_Exercise input_.
= Beginning of Section =

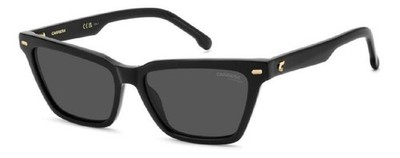 Carrera Sunglasses CARRERA 3083/S Color: 807 - Decisive Style and Icon Design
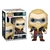 Funko Eivor (776) - Assassin's Creed Valhalla (Games)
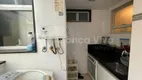 Foto 19 de Apartamento com 3 Quartos à venda, 140m² em Ipanema, Rio de Janeiro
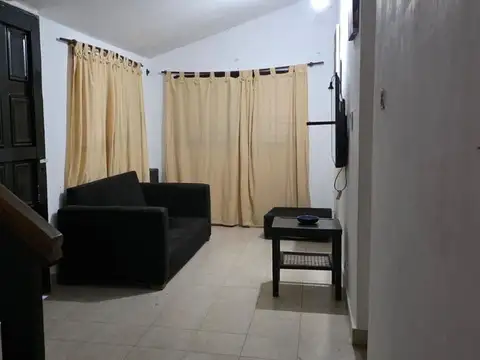 VENTA CASA QUINTA TRISTAN SUAREZ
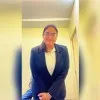 Sahiba Muglani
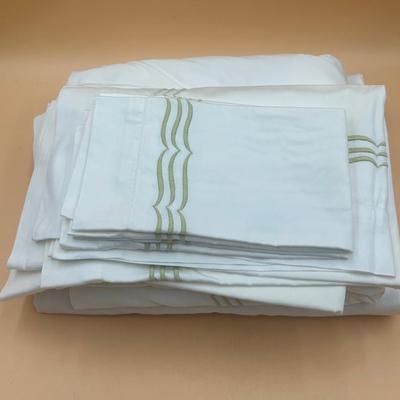 Sale Photo Thumbnail #416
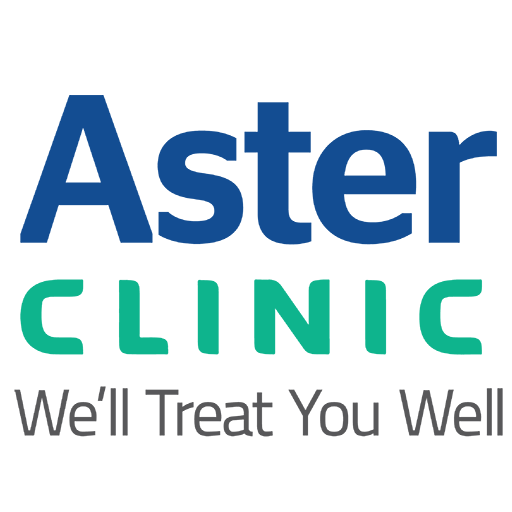 Aster Clinic Dubai Marina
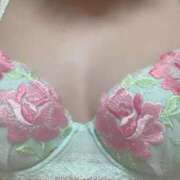 ヒメ日記 2026/04/07 18:31 投稿 みこと 小山人妻隊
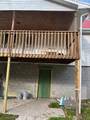 2647 Taylor School Road - Photo 5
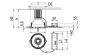 RIDI EDLR 235/3000-830 SMT- 0331332//377 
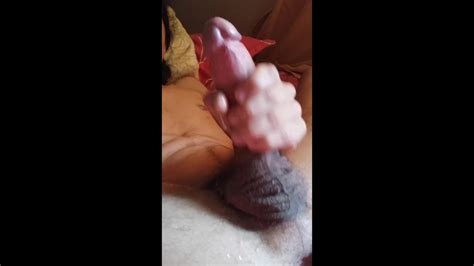 COLLECTION OF THE BEST HOMEMADE STRAWS LATINO VERGÓN 24 CM Free Porn Videos YouPornGay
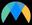 Maestra Audio Translator icon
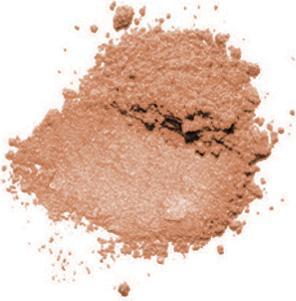 Image du produit Clinique True Bronze (03 Brûlé par le soleil, Contour, 9.35 g)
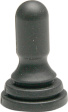 U2252 Rubber Sealing Boots IP67 For standard lever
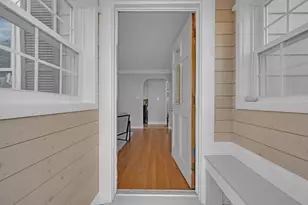 187 Campbell Dr, Lowell, MA 01851 - Photo 1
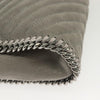 Secondhand Stella McCartney Falabella Tote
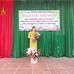 Dien Tran - Facebook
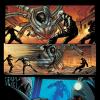 Amazing Spider-Man #686 preview art by Stefano Caselli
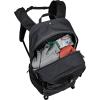 Thule Nanum(25L)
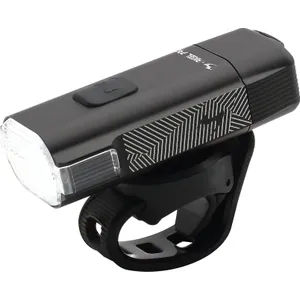 Šport a outdoor | Cyklistika | Cyklodoplnky | Svetlá - Moon Rigel Pro Šport a outdoor | Cyklistika | Cyklodoplnky | Svetlá - Moon Rigel Pro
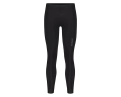 Collant Homme VERTEX Noir - Image 1/2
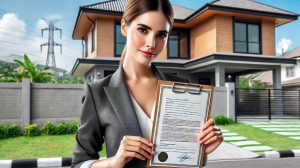 Sole Ownership vs Co-Ownership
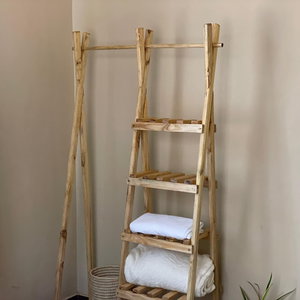 Hotel Kilimanjaro Hideaway cazare Moshi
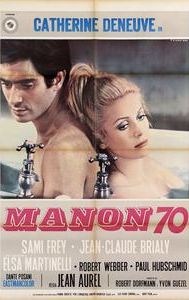 Manon '70
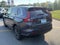 2027 Honda CR-V EX-L AWD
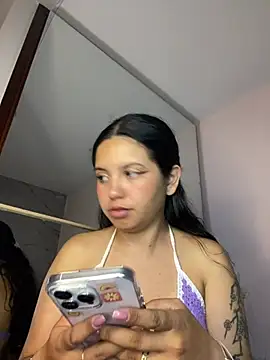 Rosita forever  online show from 05-18-26, 12:55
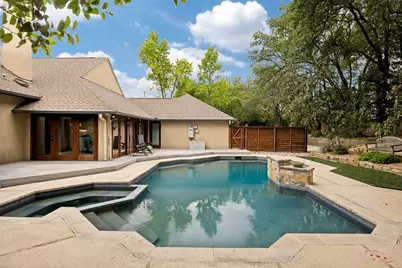 17515 River Hill Drive, Dallas, TX 75287 - Photo 33
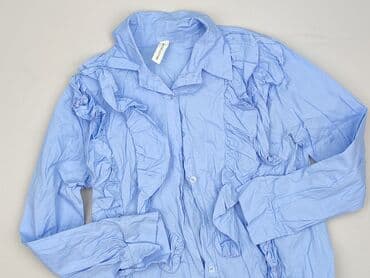 New Collection, Жіноча блуза, S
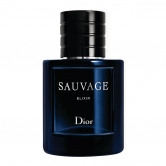 Dior Sauvage Elixir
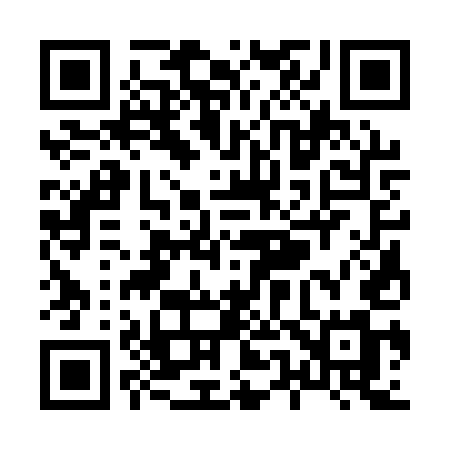 QR code for X531UM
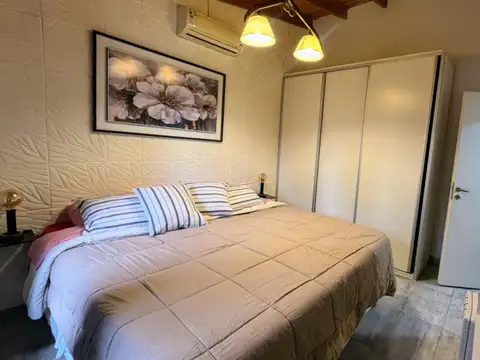 Casa en Venta 20 años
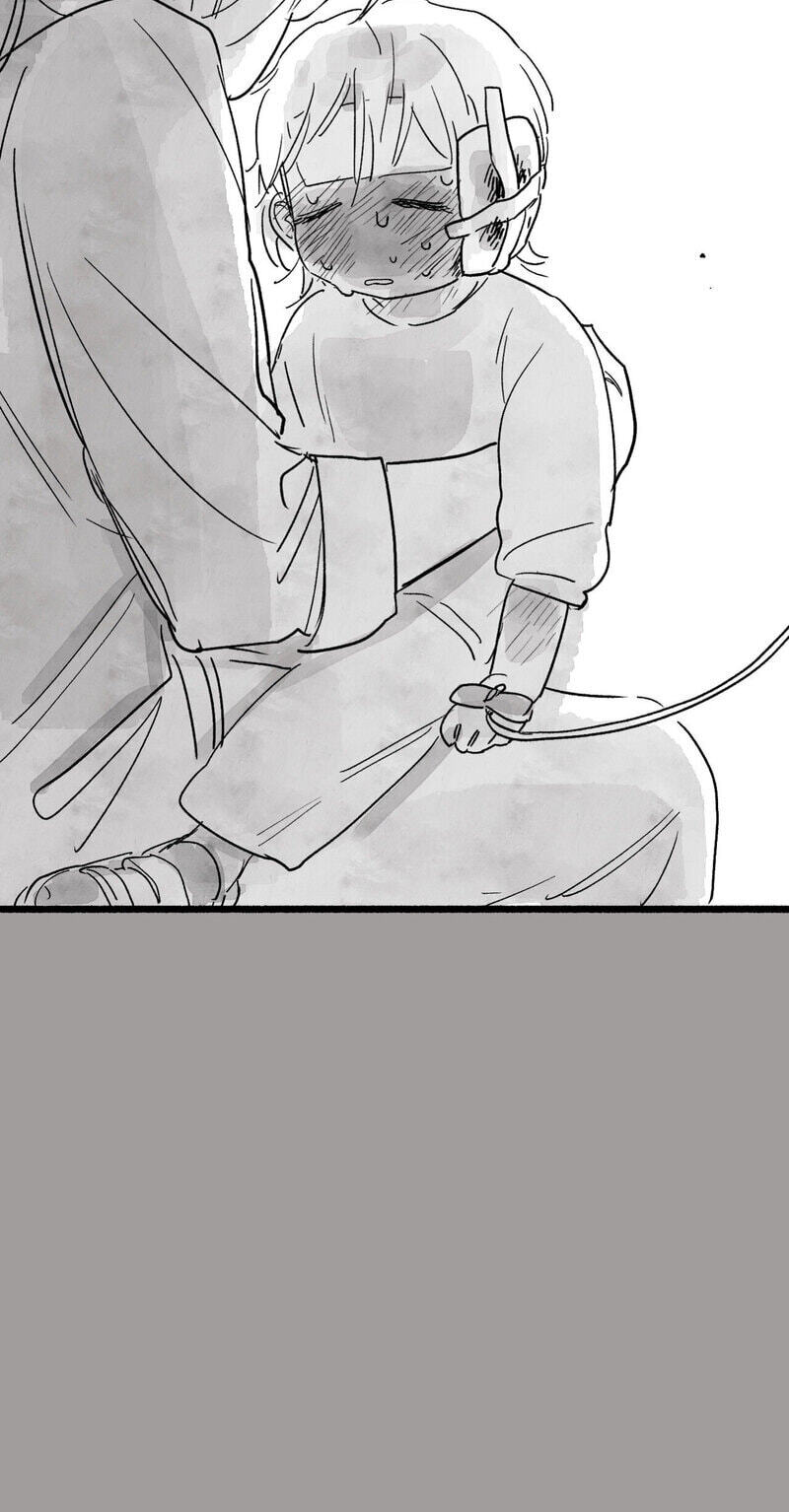 Read Common and Widespread chapter 50 image 40 on Lezhin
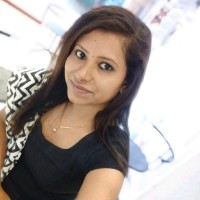 Raji Rajesh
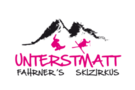 Logotip Unterstmatt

= End of Section =

_Assigned task_. The answer must be the lines from the first one in the records through the line containing "Aster Clinic Dubai Marina", copied exactly, with no pictures.

_Response for this exercise_.
 Carrera Sunglasses CARRERA 3083/S Color: 807 - Decisive Style and Icon Design
 Funko Eivor (776) - Assassin's Creed Valhalla (Games)
 Foto 19 de Apartamento com 3 Quartos à venda, 140m² em Ipanema, Rio de Janeiro
 VENTA CASA QUINTA TRISTAN SUAREZ
 Sahiba Muglani
 Sale Photo Thumbnail #416
 Aster Clinic Dubai Marina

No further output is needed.